What you should do
Print exactly the line that contains "seattleskatingclub.net", then every following line through the end of the material; include nothing else and no pictures.
------------------------------------------------------------
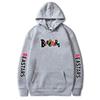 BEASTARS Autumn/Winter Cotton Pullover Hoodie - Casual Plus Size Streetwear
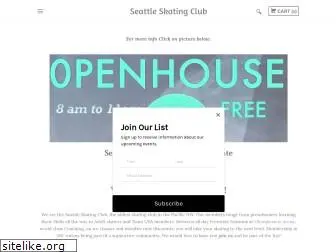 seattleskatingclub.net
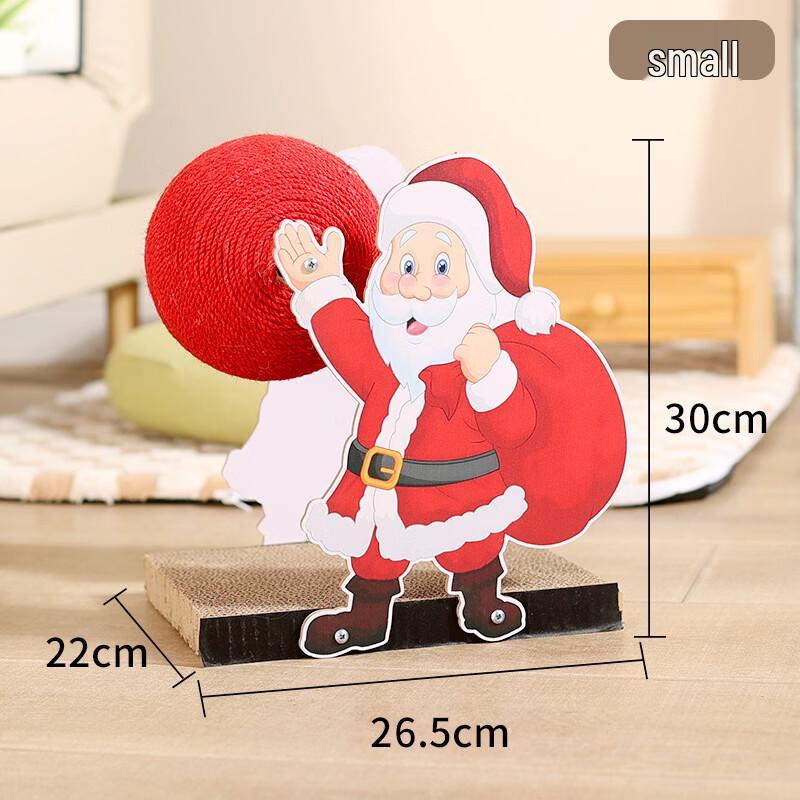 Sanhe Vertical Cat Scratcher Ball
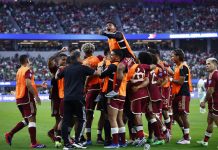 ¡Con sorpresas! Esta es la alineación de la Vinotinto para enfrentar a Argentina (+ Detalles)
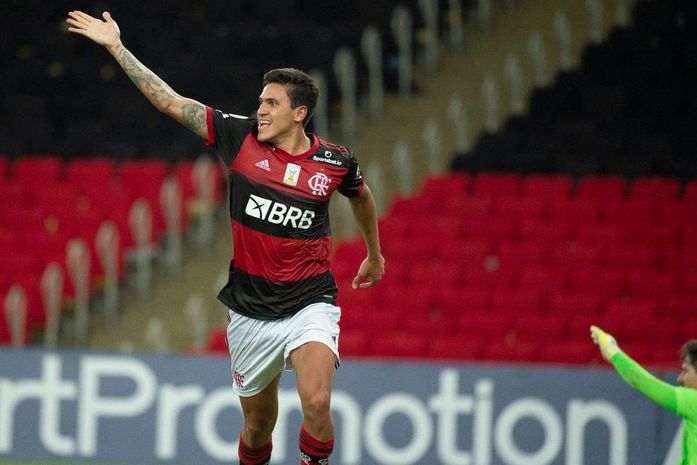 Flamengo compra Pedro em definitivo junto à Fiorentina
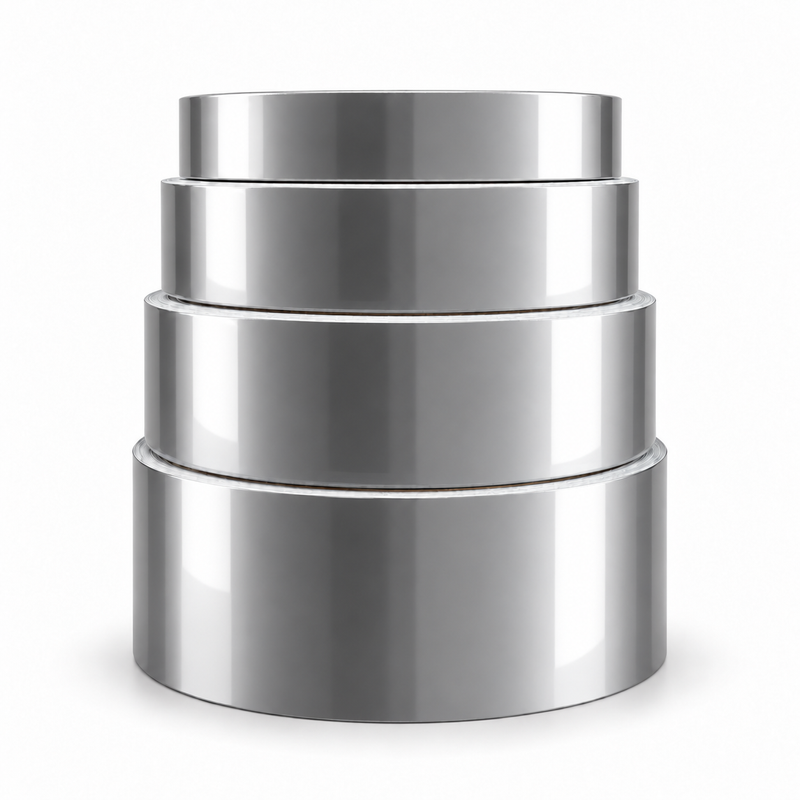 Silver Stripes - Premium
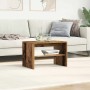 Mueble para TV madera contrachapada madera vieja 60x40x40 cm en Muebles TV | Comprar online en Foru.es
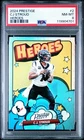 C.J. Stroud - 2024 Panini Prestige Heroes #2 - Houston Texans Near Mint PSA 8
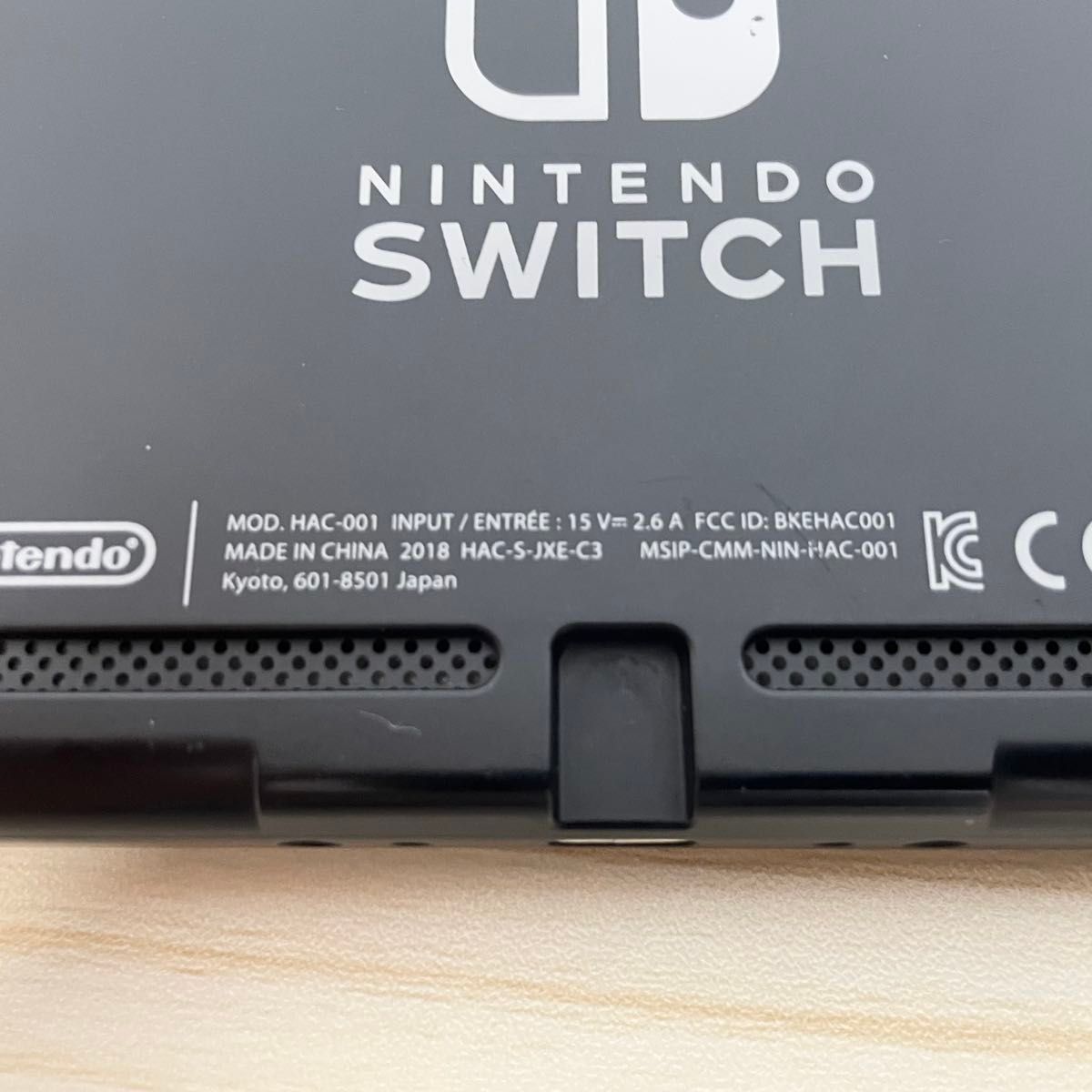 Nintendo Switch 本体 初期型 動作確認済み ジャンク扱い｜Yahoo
------------------------------------------------------------
Task response
 seattleskatingclub.net
 Sanhe Vertical Cat Scratcher Ball
 ¡Con sorpresas! Esta es la alineación de la Vinotinto para enfrentar a Argentina (+ Detalles)
 Flamengo compra Pedro em definitivo junto à Fiorentina
 Silver Stripes - Premium
 Mueble para TV madera contrachapada madera vieja 60x40x40 cm en Muebles TV | Comprar online en Foru.es
 C.J. Stroud - 2024 Panini Prestige Heroes #2 - Houston Texans Near Mint PSA 8
 Nintendo Switch 本体 初期型 動作確認済み ジャンク扱い｜Yahoo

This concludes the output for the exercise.